### [Instructions for the task]
Output, exactly and with no pictures, the line that contains "Tuttle Creek &" and every line that comes after it in the data below, the last one included.

### [Collected data]

--*--

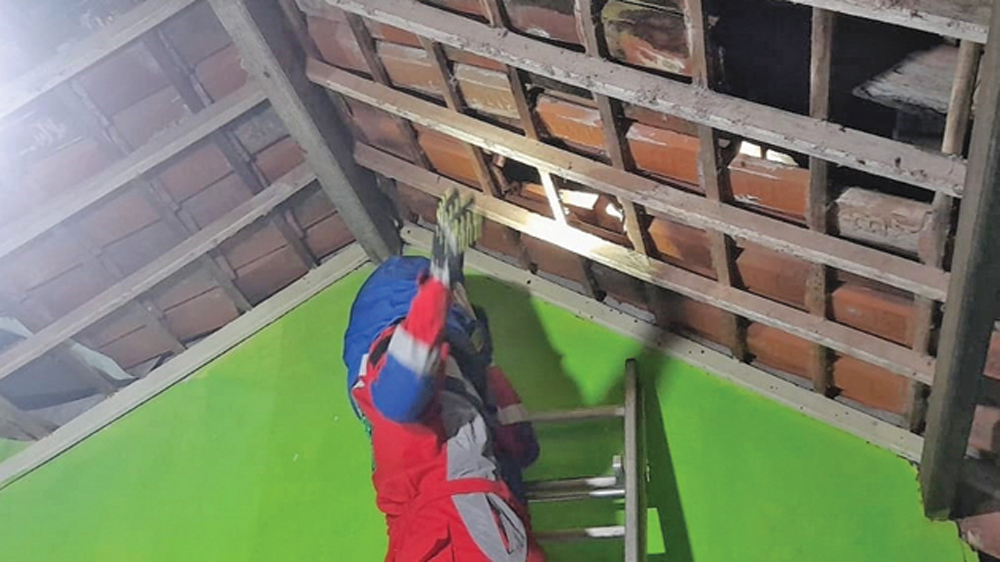 Tim Pemadam Kebakaran menaiki tangga untuk menjangkau sarang tawon yang berada di atap rumah warga di Kampung Kesambi Rampak, Desa Gunung Malang, Suboh, Situbondo, Minggu (22/3).
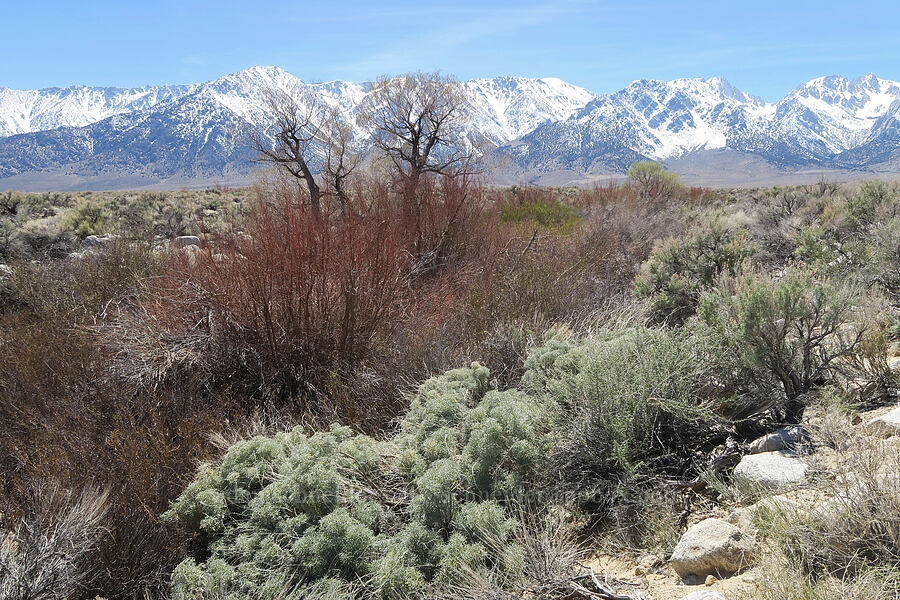 Tuttle Creek & the High Sierra [Tuttle Creek Campground Road, Inyo County, California]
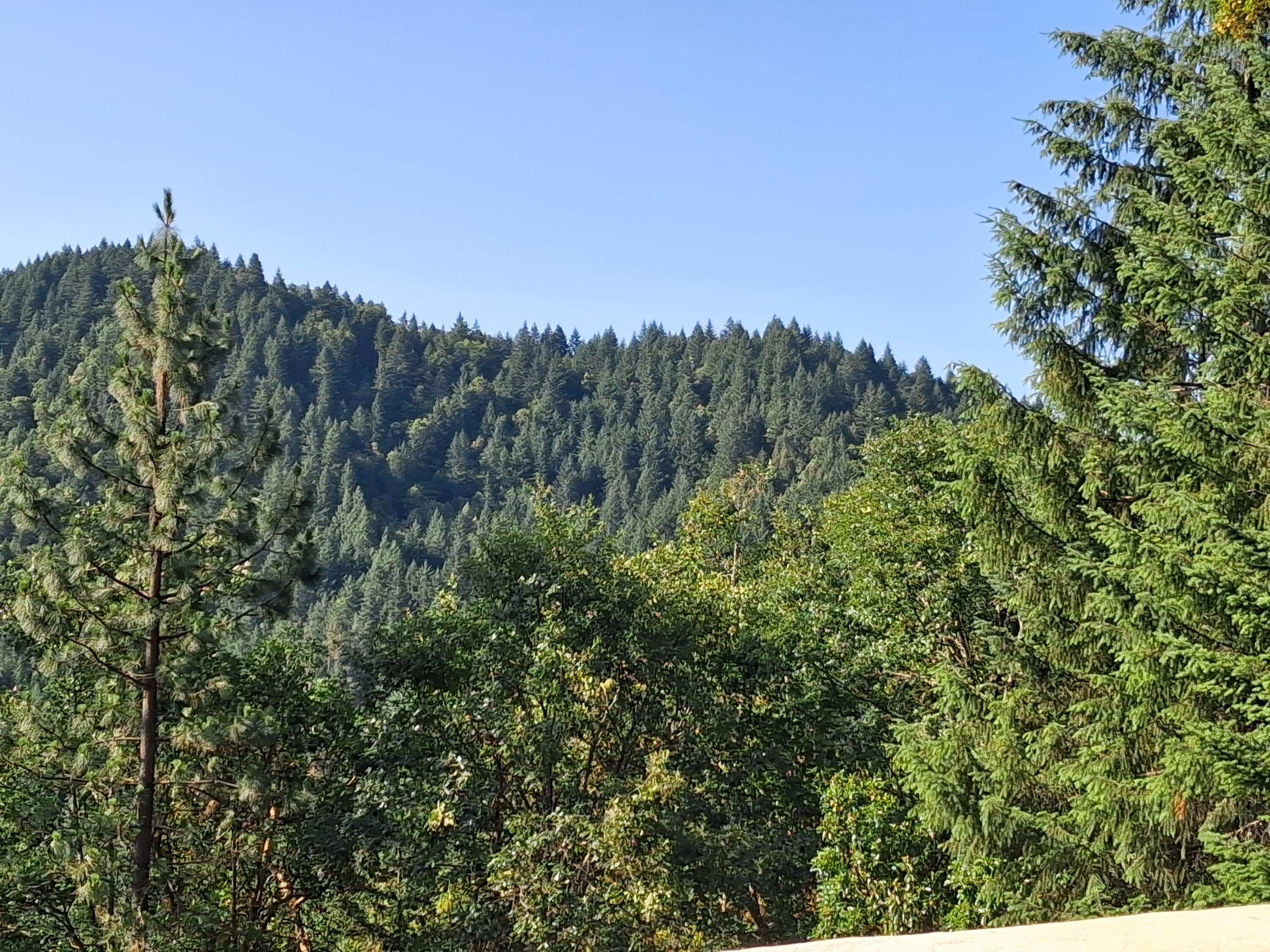 Allen Creek Estates - Land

--*--

### [The answer]
 Tuttle Creek & the High Sierra [Tuttle Creek Campground Road, Inyo County, California]
 Allen Creek Estates - Land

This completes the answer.